Wie man einen fertigen Roman überarbeitet und wie wichtig es ist, dass man es überhaupt tut. Wie man einen Verlag findet oder ob man lieber selbst veröffentlichen sollte. Wie man seine Geschichten und vielleicht auch seine Person vermarktet.
Aber auch ganz andere ‚Nebensächlichkeiten‘. Z.B. dass ich nicht alleine bin mit meiner Weltsicht, meinem Denken, meiner Leidenschaft und meinen Ängsten. Dass auch die Mütter anderer Menschen von ihnen sagen, sie hätten schon ‚geschrieben‘, bevor sie überhaupt sprechen konnten. Dass es in Ordnung ist, sich Zeit für’s Schreiben zu nehmen.
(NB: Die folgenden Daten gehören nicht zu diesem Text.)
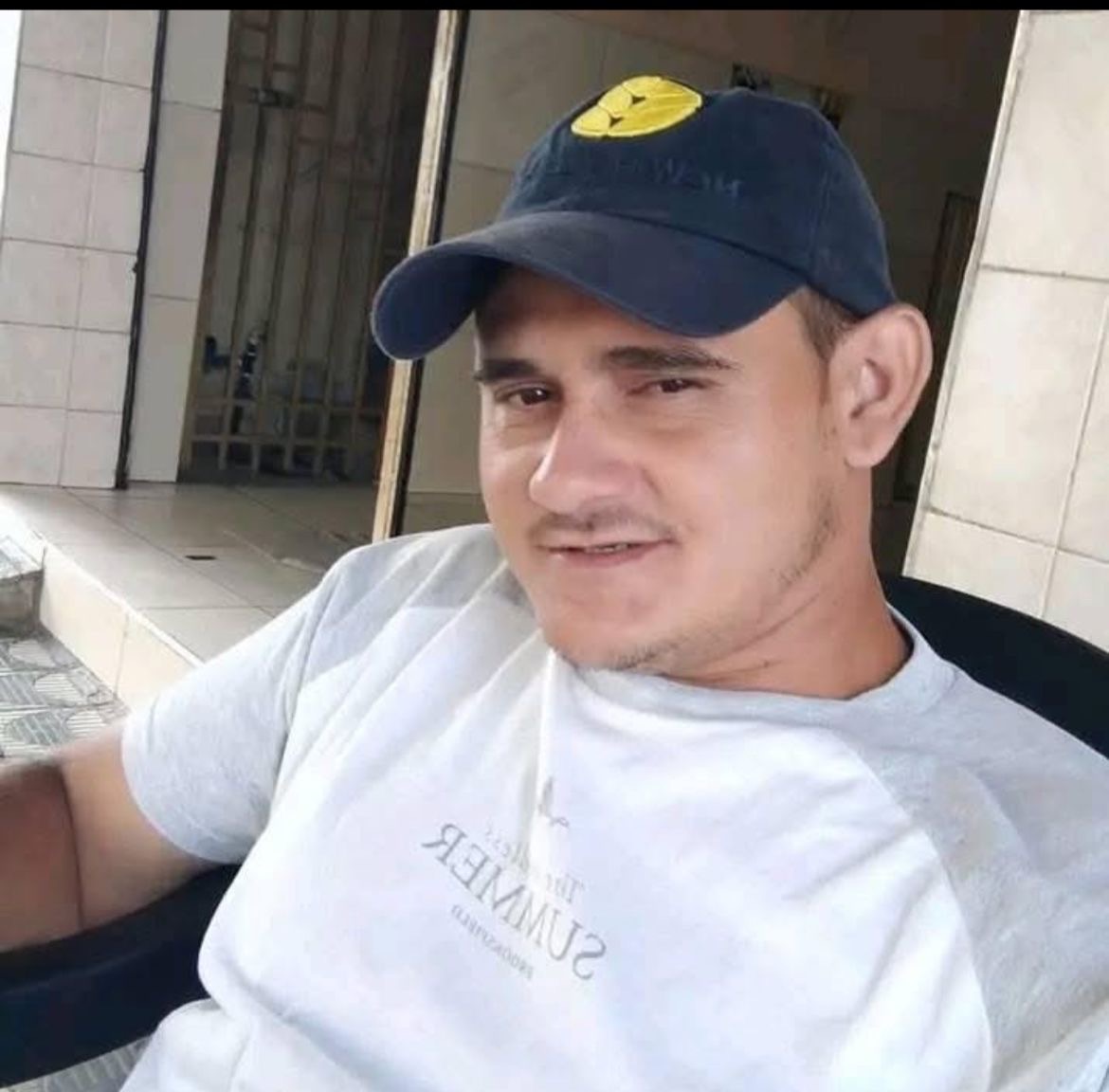 Crise de Violência em Nordeste: Homem Ferido a Bala em Novo Oriente
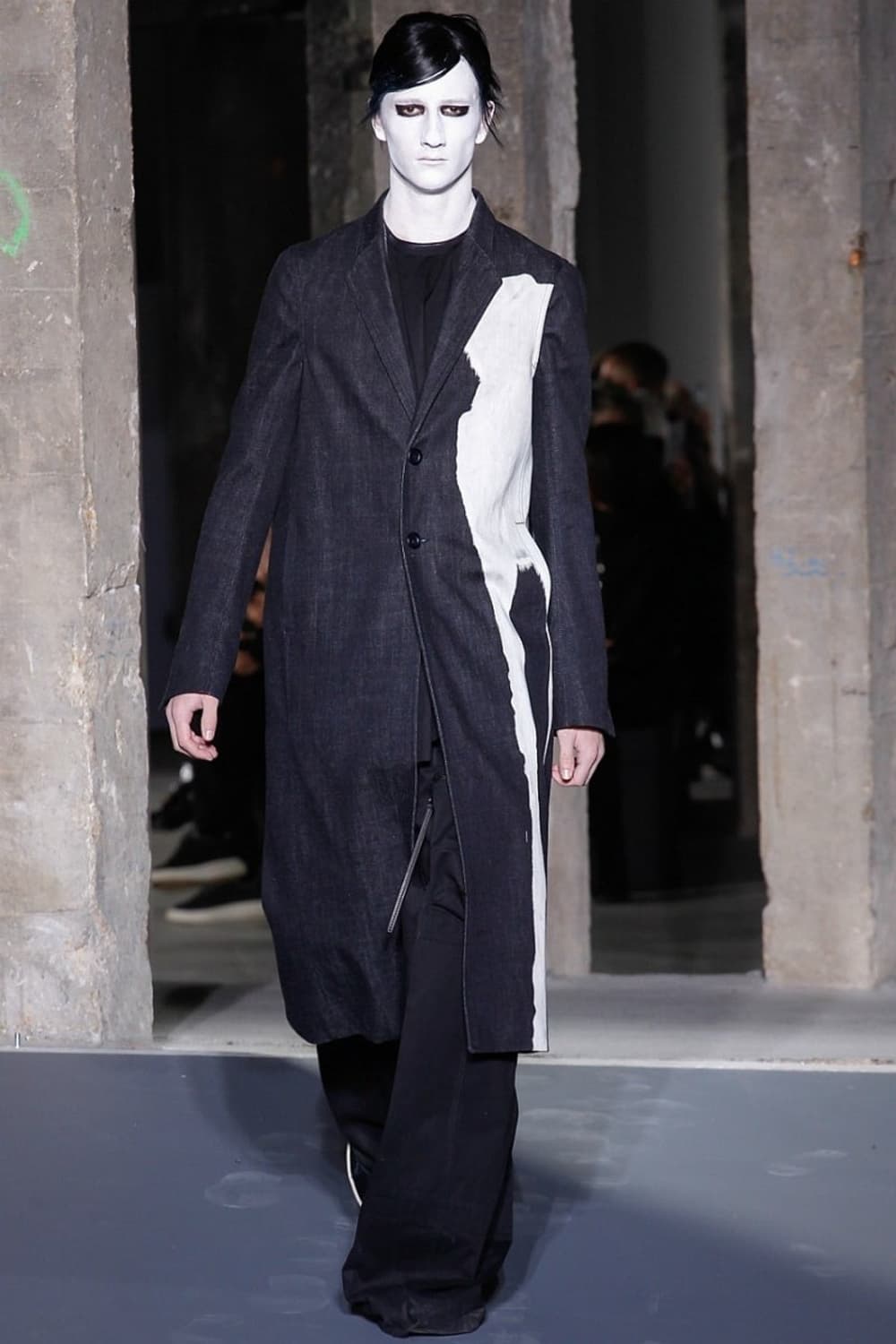 릭오웬스 2016FW 런웨이 보미트 모로 코트 상품이미지2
Und daher Motivation, das Schreiben mal ernster zu nehmen, dran zu bleiben, mir selbst gegenüber verbindlich zu sein. Mein aktuelles Romanprojekt zumindest solange zu verfolgen, bis ich eine erste Fassung geschrieben habe. Vor dem Überarbeiten muss es ohnehin erst ‚abliegen‘.
Aber die Messe war auch Prokrastination, gab mir die Ausrede, nicht gleich damit anfangen zu müssen, da ich ja erst alle Interviews sehen und alle Informationen aufsaugen musste. Jetzt, zum Abschluss, werde ich noch einmal alle Mitschriften durchgehen und die Tipps geordnet nach Verarbeitungsschritten (Vor dem Schreiben, beim Schreiben, beim Überarbeiten, …) in eine Datei geben.
Und dann ist die Messe wirklich vorbei, dann habe ich keine Ausrede mehr. Also – ran an die Tasten. Oder in meinem Fall – den Füller!